> _WORK ITEM_: Reproduce exactly the lines below from the one containing "Quando incontri i" through the one containing "Bán đất mặt", including both, and nothing else.

> _MATERIAL FOR THIS TASK_:
========

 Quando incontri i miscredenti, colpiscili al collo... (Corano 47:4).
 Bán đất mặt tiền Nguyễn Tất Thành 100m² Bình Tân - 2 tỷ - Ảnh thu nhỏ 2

========

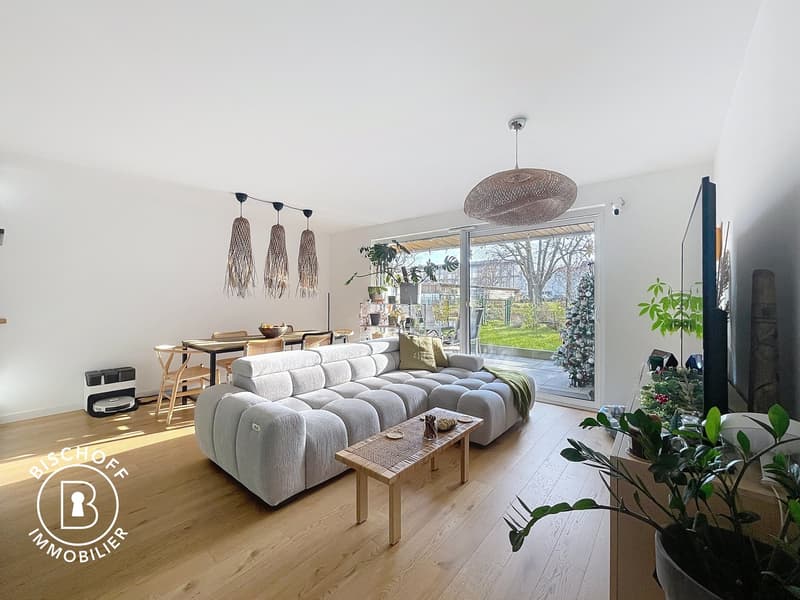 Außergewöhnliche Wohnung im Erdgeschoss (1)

========

> _SOLUTION BELOW_:
 Quando incontri i miscredenti, colpiscili al collo... (Corano 47:4).
 Bán đất mặt tiền Nguyễn Tất Thành 100m² Bình Tân - 2 tỷ - Ảnh thu nhỏ 2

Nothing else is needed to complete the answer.